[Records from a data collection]

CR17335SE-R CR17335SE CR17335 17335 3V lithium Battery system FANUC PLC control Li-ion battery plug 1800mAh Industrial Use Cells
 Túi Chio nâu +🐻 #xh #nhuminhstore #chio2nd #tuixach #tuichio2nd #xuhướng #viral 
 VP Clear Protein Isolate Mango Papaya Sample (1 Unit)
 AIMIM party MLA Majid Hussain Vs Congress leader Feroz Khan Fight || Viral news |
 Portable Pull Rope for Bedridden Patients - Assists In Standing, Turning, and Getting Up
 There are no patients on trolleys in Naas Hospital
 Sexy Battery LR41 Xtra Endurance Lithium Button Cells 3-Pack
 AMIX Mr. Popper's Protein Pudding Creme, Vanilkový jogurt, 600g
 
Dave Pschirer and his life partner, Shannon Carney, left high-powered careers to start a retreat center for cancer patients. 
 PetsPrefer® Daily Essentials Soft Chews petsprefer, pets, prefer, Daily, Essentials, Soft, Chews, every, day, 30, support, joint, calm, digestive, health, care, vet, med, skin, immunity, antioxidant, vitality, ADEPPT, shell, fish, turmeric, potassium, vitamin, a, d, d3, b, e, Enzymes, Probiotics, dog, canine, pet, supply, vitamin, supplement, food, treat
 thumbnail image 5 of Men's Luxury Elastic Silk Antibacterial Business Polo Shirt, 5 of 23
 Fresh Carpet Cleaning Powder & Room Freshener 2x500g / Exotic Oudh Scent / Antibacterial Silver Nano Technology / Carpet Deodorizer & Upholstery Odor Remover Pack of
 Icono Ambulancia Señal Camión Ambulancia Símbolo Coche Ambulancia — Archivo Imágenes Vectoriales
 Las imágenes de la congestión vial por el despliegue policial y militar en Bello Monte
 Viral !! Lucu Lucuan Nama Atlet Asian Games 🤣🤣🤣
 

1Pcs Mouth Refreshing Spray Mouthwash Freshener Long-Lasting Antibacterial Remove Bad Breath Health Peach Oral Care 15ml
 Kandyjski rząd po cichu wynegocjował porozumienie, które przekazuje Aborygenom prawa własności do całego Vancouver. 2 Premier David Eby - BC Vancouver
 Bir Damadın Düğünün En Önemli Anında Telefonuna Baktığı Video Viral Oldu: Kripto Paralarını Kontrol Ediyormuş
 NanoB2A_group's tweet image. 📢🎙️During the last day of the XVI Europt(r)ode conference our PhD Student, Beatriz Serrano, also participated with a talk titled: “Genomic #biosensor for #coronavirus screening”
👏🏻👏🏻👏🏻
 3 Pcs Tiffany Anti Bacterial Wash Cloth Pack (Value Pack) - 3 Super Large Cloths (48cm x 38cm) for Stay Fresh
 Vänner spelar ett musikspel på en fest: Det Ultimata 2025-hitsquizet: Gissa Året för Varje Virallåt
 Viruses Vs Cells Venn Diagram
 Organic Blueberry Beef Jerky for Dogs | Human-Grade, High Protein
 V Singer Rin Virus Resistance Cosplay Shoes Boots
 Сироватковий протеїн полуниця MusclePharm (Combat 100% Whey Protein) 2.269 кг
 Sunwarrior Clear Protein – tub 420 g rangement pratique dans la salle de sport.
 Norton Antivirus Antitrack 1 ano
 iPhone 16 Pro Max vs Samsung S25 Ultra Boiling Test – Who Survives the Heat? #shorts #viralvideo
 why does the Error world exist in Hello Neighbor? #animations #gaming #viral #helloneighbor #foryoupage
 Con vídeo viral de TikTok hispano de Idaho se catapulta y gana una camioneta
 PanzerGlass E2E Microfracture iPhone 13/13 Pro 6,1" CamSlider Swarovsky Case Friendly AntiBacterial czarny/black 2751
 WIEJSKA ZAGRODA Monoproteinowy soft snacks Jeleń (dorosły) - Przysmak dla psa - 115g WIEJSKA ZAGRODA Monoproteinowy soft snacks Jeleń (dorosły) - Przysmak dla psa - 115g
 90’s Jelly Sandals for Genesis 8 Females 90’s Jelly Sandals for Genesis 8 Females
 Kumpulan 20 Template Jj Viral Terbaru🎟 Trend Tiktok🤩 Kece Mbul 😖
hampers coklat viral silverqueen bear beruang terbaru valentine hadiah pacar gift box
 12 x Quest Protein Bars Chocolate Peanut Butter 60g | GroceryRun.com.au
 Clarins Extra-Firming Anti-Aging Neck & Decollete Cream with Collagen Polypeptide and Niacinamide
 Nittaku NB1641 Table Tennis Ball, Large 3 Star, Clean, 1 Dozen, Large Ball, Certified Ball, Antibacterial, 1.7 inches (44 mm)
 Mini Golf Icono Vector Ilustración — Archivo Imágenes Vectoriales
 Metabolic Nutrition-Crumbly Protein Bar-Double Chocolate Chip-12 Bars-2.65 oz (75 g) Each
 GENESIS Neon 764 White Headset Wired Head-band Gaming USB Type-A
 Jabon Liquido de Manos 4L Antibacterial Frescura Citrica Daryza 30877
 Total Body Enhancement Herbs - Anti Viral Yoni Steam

● Exercise goal: Restate word for word the lines above, beginning at the first one and ending at the line that carries "Túi Chio nâu".

● Your response:
CR17335SE-R CR17335SE CR17335 17335 3V lithium Battery system FANUC PLC control Li-ion battery plug 1800mAh Industrial Use Cells
 Túi Chio nâu +🐻 #xh #nhuminhstore #chio2nd #tuixach #tuichio2nd #xuhướng #viral 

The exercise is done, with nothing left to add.